Start of EXTRACTED INFORMATION

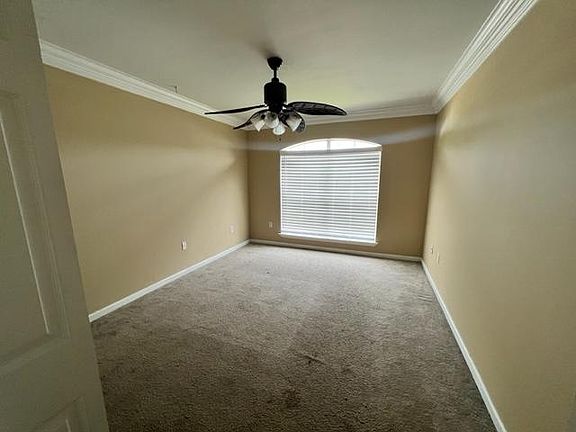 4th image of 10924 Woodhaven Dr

End of EXTRACTED INFORMATION
Start of EXTRACTED INFORMATION

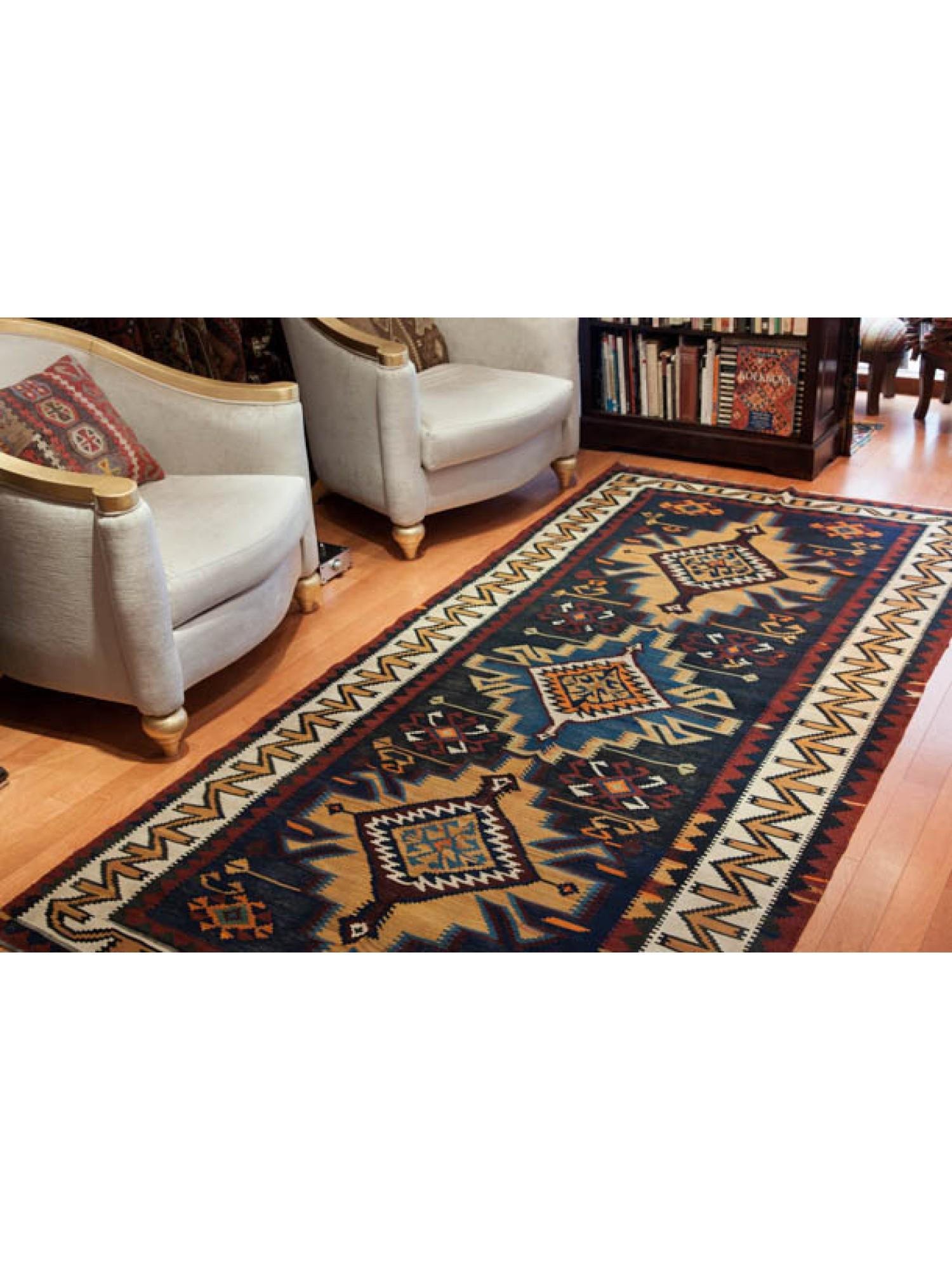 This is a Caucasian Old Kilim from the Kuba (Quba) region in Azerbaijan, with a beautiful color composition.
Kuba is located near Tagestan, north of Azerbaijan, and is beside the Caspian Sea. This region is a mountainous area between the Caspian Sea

End of EXTRACTED INFORMATION

Beginning with the line above that has "This is a Caucasian" and going on through the line that has "Kuba is located", retype every line exactly and add nothing else; drop the pictures.

 This is a Caucasian Old Kilim from the Kuba (Quba) region in Azerbaijan, with a beautiful color composition.
Kuba is located near Tagestan, north of Azerbaijan, and is beside the Caspian Sea. This region is a mountainous area between the Caspian Sea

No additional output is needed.